## Exercise inputs:
▬▬▬

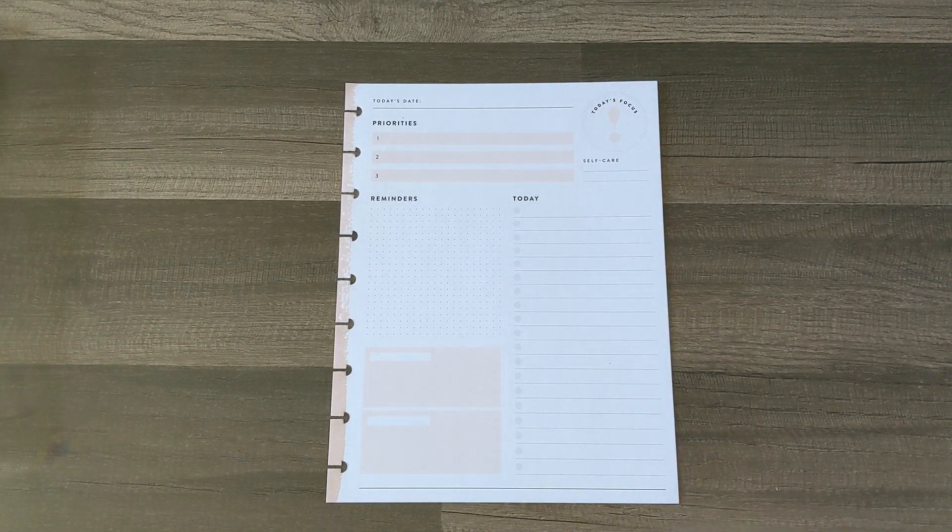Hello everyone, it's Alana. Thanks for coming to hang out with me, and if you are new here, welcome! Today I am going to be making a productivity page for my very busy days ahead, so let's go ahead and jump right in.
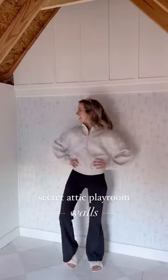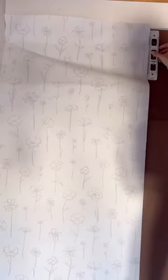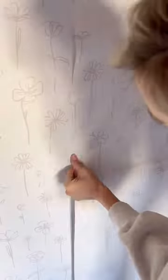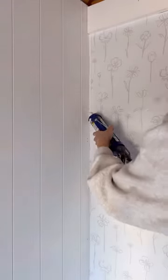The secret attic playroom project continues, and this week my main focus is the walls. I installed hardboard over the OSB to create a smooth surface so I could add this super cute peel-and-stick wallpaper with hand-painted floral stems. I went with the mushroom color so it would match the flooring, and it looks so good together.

▬▬▬

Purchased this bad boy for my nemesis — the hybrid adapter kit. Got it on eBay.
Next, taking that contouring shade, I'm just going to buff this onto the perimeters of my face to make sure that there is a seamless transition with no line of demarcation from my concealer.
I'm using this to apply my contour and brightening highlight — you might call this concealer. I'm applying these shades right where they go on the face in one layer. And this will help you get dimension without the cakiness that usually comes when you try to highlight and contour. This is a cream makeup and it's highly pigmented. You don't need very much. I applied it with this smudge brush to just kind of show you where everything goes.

▬▬▬

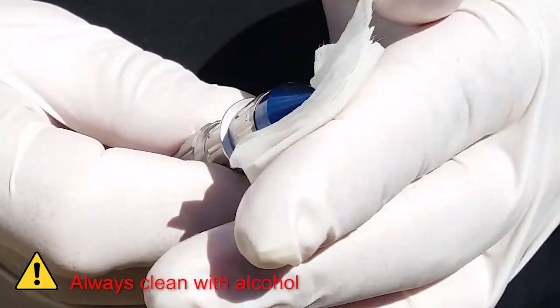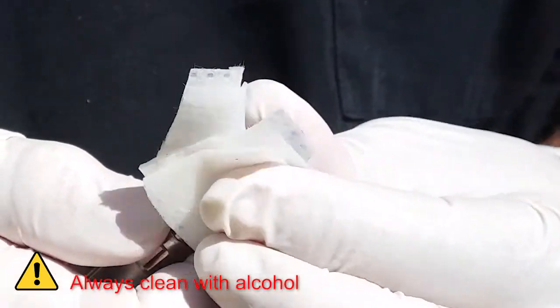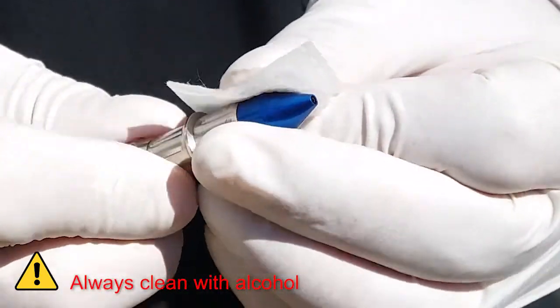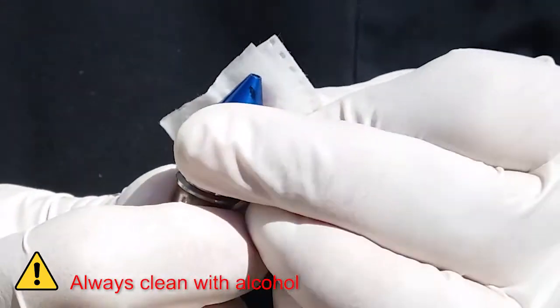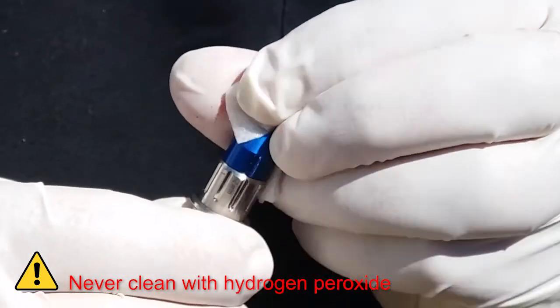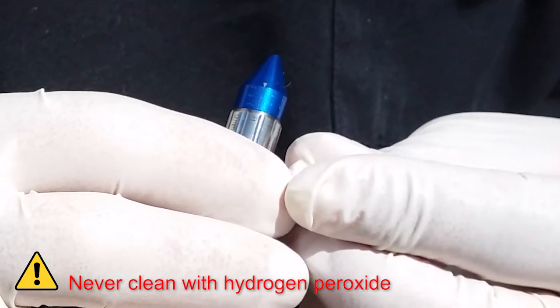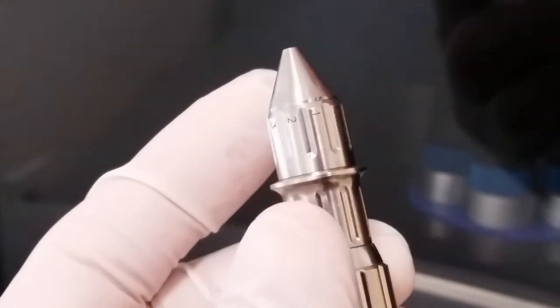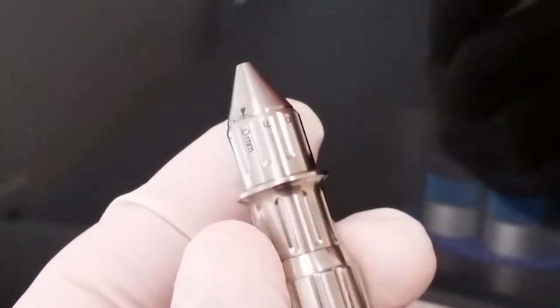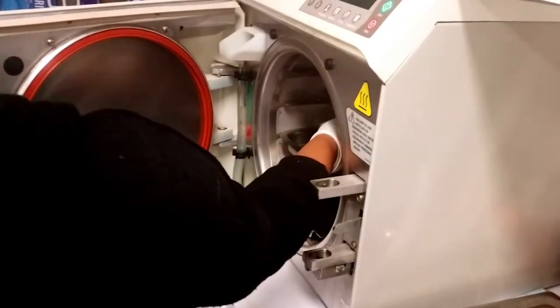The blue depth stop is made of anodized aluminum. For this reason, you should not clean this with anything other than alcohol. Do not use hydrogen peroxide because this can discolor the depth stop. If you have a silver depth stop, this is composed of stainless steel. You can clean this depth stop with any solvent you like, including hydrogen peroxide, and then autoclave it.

▬▬▬

## Goal of the exercise:
Everything from the line with "Hello everyone, it's" down to the line with "The secret attic" in the data above should be copied exactly, with both end lines kept and the pictures left out.

## Response area:
Hello everyone, it's Alana. Thanks for coming to hang out with me, and if you are new here, welcome! Today I am going to be making a productivity page for my very busy days ahead, so let's go ahead and jump right in.
The secret attic playroom project continues, and this week my main focus is the walls. I installed hardboard over the OSB to create a smooth surface so I could add this super cute peel-and-stick wallpaper with hand-painted floral stems. I went with the mushroom color so it would match the flooring, and it looks so good together.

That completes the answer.